Robiąc zdjęcia z fleszem i automatycznym ustawianiem ostrości, dość mocno wyeksploatowałam baterię aparatu. Pozostała mi jedna kreska, nie wzięłam ze sobą zapasowej... Martwiłam się, że aparat mi zdechnie w najlepszym odcinku Doliny Kluczwody. Wiedziałam też już, że raczej odpuszczę sobie Jaskinię Wierzchowską - szkoda by było znaleźć się w takim miejscu i nie móc porobić zdjęć. Skierowałam się jednak w jej stronę, bo już byłam naprawdę niedaleko. Wreszcie dotarłam pod ogrodzony ze wszystkich stron teren przylegający bezpośrednio do wejścia jaskini. Była otwarta, mogłam nabyć w kasie (prócz pamiątek) bilet ulgowy za 12zł (14 normalny), i dopłacić jeszcze 2zł za zdjęcia. I poczekać pół godziny, gdyż wejścia odbywały się w godzinach pełnych. Ponieważ jednak drobne nie ciążyły mi w kieszeni, a dodatkowo pomyślałam, że przyjdziemy tu niedługo z R. w ramach atrakcji imieninowej, zawróciłam we właściwą stronę doliny.

Dolina Kluczwody

Okazała się ona mało widokowa, jeśli chodzi o krajobrazy usiane skałkami - właściwie głównie szło się dnem zalesionego na zboczach wąwozu, ścieżką rozjeżdżoną przez rowery, wiodącą oczywiście wzdłuż potoku Kluczwoda. Dnem doliny wiodła niegdyś granica pomiędzy zaborem austriackim i rosyjskim, o czym informowała ustawiona u wejścia do doliny tablica informacyjna. Miałam nieszczęście jeszcze w okolicy Jaskini Wierzchowskiej napatoczyć się na matkę z nastoletnią córką, które to podążały w tym samym kierunku co ja, i podobnym tempie - przez co raz one mnie wymijały, raz ja je. Trochę mi to zaburzało oddanie się luźnym rozmyślaniom; grzechoczące sucharki już wcześniej uspokoiłam, wtykając do pudełka zawiniątko z chusteczki i woreczka foliowego. Podsumowując jednak, szło mi się całkiem przyjemnie - może też dlatego, że w sklepiku na rozdrożu zdążyłam wcześniej kupić kawałek sernika z brzoskwiniami :)

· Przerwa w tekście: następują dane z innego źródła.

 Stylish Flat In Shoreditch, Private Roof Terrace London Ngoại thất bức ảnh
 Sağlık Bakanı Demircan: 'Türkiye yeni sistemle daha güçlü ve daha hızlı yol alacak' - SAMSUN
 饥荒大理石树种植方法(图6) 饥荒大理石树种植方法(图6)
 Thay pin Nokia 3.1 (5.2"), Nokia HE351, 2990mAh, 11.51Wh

W którymś momencie zarośla się przerzedziły i moim oczom ukazały się skałki. Na szczycie jednej stało towarzystwo militarne - ekipa chłopaków w spodniach moro mocowała u szczytu liny przewiązane do drzewa stojącego naprzeciw skały. Wyglądało na to, że montują coś w stylu zjazdu linowego. Wszystko to zresztą bardziej po "survivalowemu" niż wedle nowoczesnych technik - ot, jakieś sznury, liny, u stóp skały zaś namiot i rozpalone ognisko z wojskowymi menażkami dookoła. Korciło mnie, żeby się zatrzymać na chwilę i zamienić z nimi słowo, ale wszyscy byli bardzo zaangażowani w wiązanie lin i zajęci sobą, postanowiłam nie przeszkadzać i iść dalej.

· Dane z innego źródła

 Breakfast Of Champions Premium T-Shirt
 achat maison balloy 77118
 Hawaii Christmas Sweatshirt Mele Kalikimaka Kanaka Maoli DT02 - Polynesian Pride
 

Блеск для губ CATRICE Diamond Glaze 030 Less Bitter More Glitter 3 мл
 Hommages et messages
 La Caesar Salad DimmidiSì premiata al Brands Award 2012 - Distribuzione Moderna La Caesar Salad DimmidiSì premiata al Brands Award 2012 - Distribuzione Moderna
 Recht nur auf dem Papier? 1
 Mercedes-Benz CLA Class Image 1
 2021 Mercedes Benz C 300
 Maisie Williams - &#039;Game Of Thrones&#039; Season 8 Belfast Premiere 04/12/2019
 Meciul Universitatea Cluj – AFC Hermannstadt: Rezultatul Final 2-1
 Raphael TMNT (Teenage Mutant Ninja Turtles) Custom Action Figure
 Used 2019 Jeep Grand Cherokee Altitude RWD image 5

Minąwszy jedno jedyne gospodarstwo właścicieli pięknej kózki, zgubiwszy z roztargnienia szlak i skierowawszy się nie w tą stronę, co trzeba, w rytmie jakiegoś polskiego radiowego przeboju dochodzącego z małego, ukwieconego domku letniskowego, powróciłam do potoku. Idąc znów szlakiem kolejny raz tego dnia wpadłam w błogi relaks wywołany szemraniem wody. Dolina miała się niedługo skończyć, niewiele już mi pozostało spaceru tego dnia... Tak przynajmniej wtedy myślałam :)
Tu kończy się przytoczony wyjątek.